Негодяйка! Она парировала любой удар. Еще немного, и он начнет ее слушать, да еще того хуже, даст ей слово.

— Как раз успеете скрыться. А потом позвоните кому-нибудь из местных, и сообщите, что я здесь заперта. Значит, когда меня освободят — будет зависеть от вас. Сами дадите сигнал… Согласны?

Может, в конце концов, она и в самом деле испугалась? Ну что ж, еще одна причина, чтобы стоять на своем. Он присел подальше от нее, на ручку кресла. Она закурила новую сигарету и смотрела на него прищурившись от дыма. Она курила по-мужски, не вынимая сигареты изо рта, даже когда говорила.

— Это разумно, разве нет? Остаемся свободны, и вы, и я. Не надо обещаний, которые все равно не сдержать. Договор. Я за договоры… А вы?.. Ну-ну! Скажите что-нибудь… Ладно! Как хотите!

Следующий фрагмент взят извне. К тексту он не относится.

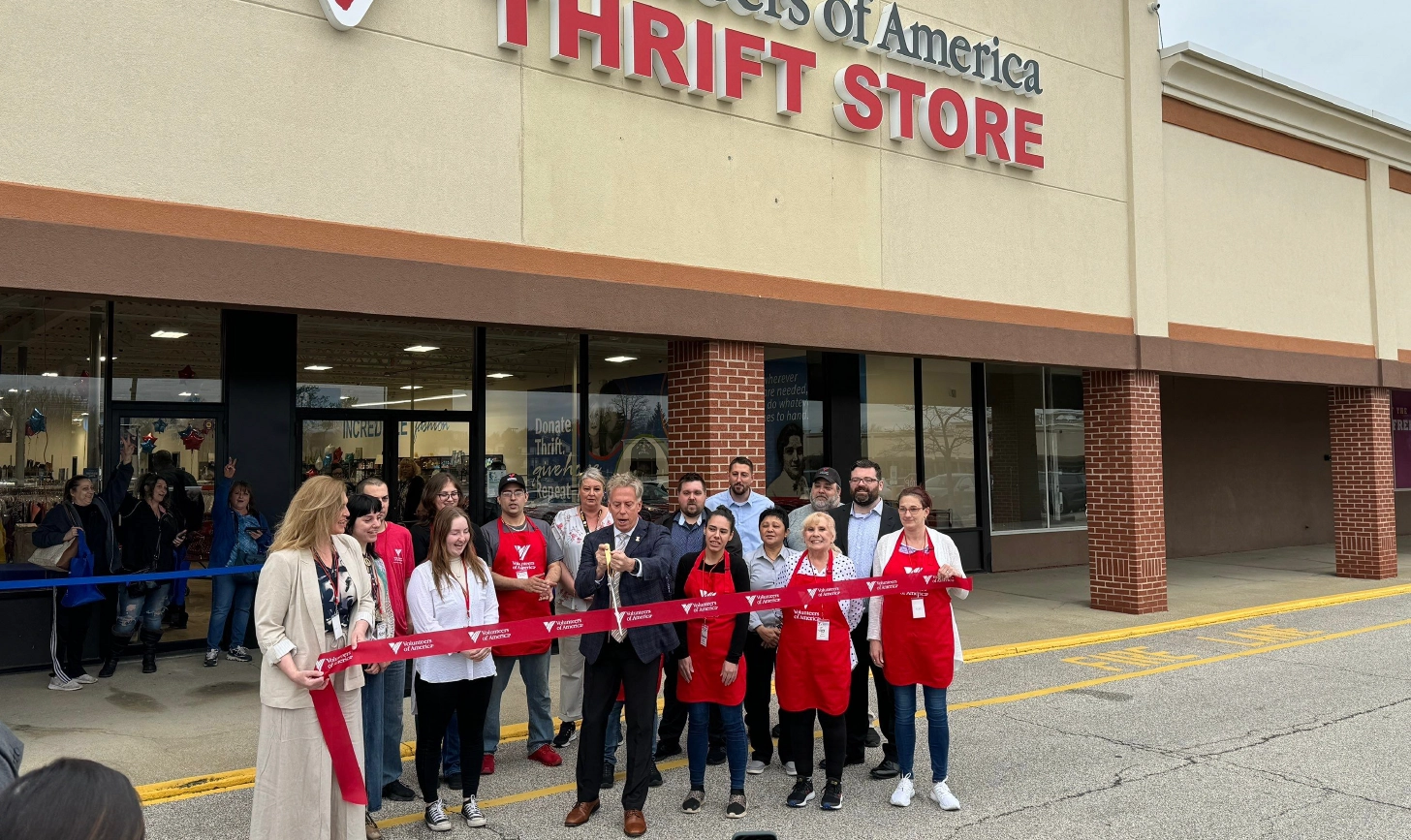 A group of people, some wearing red aprons, participate in a ribbon-cutting ceremony outside a thrift store with a "Thrift Store" sign above the entrance.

Она встала, потянулась, зевнула, не обращая больше внимания, и присела у чемодана, который принялась расстегивать.

— Почему вы не оставили его в камере хранения?

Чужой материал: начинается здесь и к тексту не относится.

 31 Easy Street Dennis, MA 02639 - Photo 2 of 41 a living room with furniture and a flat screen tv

Слова вырвались помимо его воли. Он чуть не стукнул себя по лбу от досады. Однако, он с нетерпением ожидал ответа, полный недоверия. Зачем таскаться с чемоданом, когда едешь всего на каких-то несколько часов в отдаленный поселок? Она медленно погладила кожу, с некой мечтательной чувственностью.

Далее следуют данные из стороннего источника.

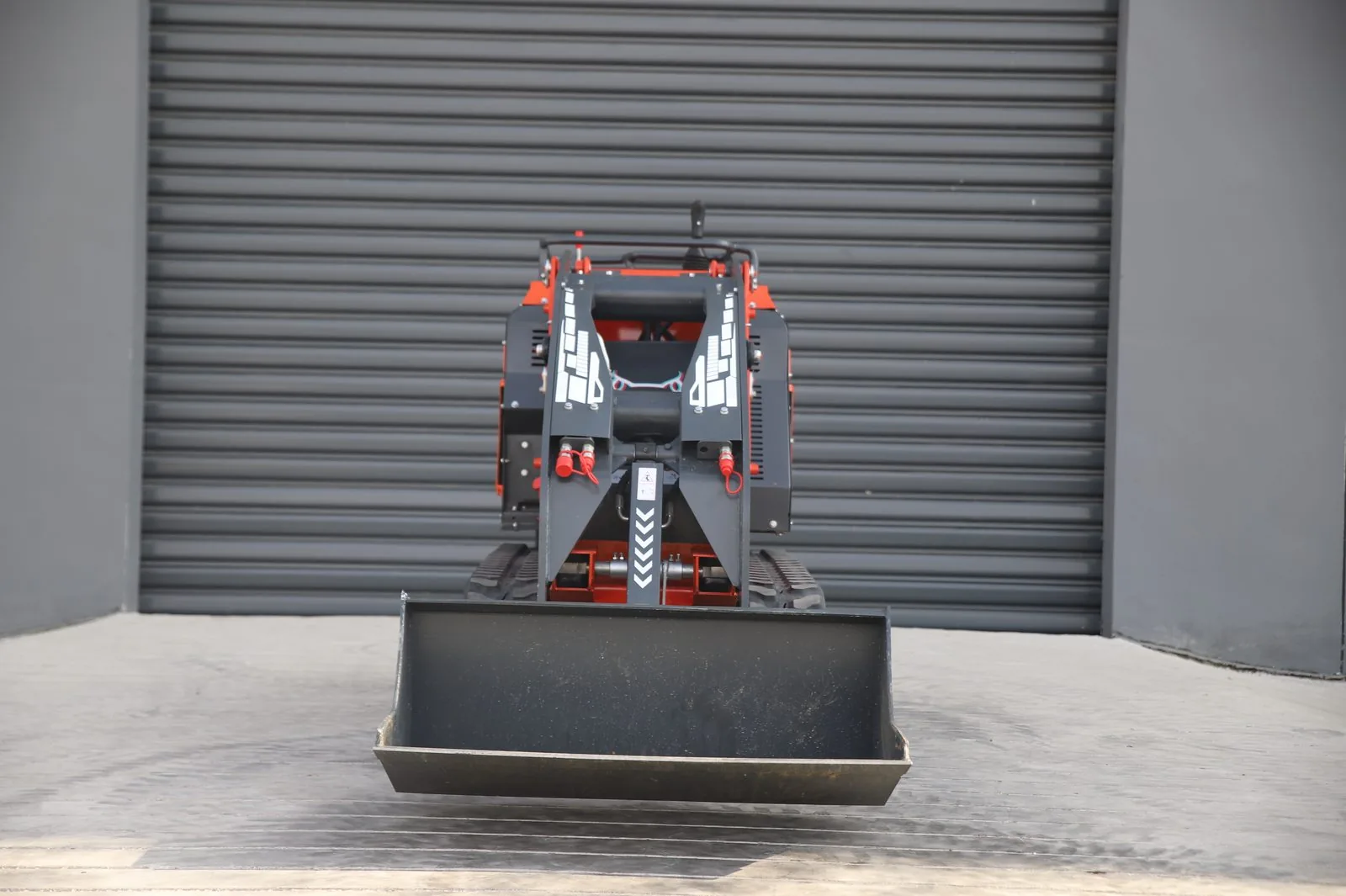 C1200 narrow job site loader front bucket view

— Слишком привыкла к своим шмоткам, — сказала она. — Ценный багаж не оставляют в камере хранения.

Она открыла чемодан. Он чувствовал себя ужасно лишним, но что она подумает, если извиниться? Впрочем, она уже вытаскивала под самым носом комбинации, чулки, нижнее белье, заботливо все раскладывая на диване. Она доставала блузки, шерстяные платья, тщательно расправляя их, чтобы отвисли.

— Так мнется, — объяснила она. — Вы должны знать, раз женаты.

— Я…

— Вы сняли кольцо, но от него остался след… Это же сразу видно.

— А что вы еще заметили?

— Не думайте, что я так уж вами интересуюсь!

Диалог продолжался. Она сразу этим воспользовалась.

— Положите-ка эту стопку в шкаф… в правый нижний ящик…

— Ну как тут отказаться?

Теперь он как челнок курсировал между спальней и гостиной, с яростью и отвращением таская платки, плавки, резиновые перчатки, раздушенные тряпки, которые ему хотелось швырнуть через всю комнату, но что поделаешь! Если уж вынужден играть роль тюремщика, то нельзя же в конце концов быть хамом! Он протянул руку к коробочке, но она быстро выхватила ее у него из-под носа:

— Мои сережки! — закричала она.

Потом засмеялась, обезоруживающим смехом доброй подружки.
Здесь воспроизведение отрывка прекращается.